▶ SUPPLIED RECORDS

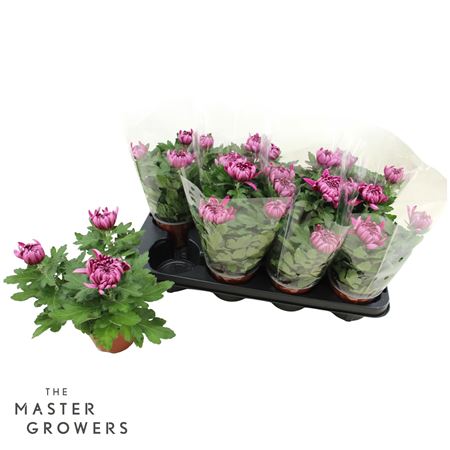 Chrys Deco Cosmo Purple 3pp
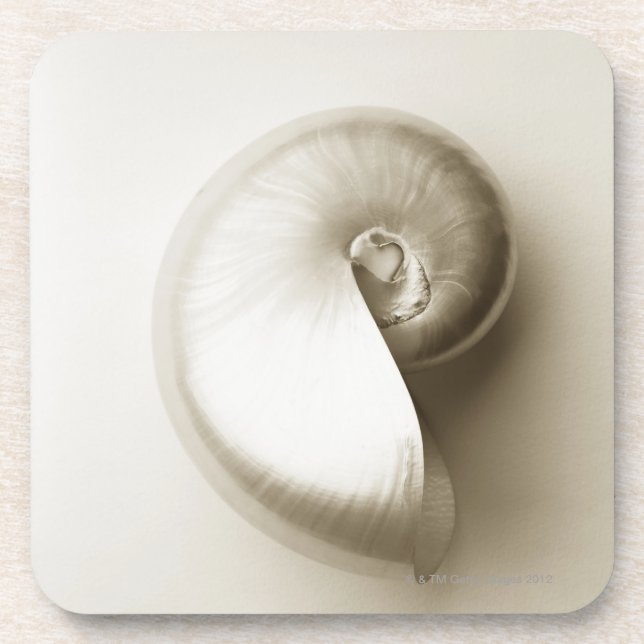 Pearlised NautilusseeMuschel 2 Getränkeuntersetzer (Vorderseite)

...

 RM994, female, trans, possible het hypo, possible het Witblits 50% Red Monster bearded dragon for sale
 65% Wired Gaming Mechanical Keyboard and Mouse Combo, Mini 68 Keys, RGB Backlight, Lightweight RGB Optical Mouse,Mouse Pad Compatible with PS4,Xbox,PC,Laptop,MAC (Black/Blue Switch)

▶ WHAT IS REQUIRED
Print everything from the line with "Chrys Deco Cosmo Purple 3pp" down to the line with "Pearlised NautilusseeMuschel 2" in the entries above, both lines included and nothing more, without the pictures.

▶ RESPONSE TO THE TASK
 Chrys Deco Cosmo Purple 3pp
 Pearlised NautilusseeMuschel 2 Getränkeuntersetzer (Vorderseite)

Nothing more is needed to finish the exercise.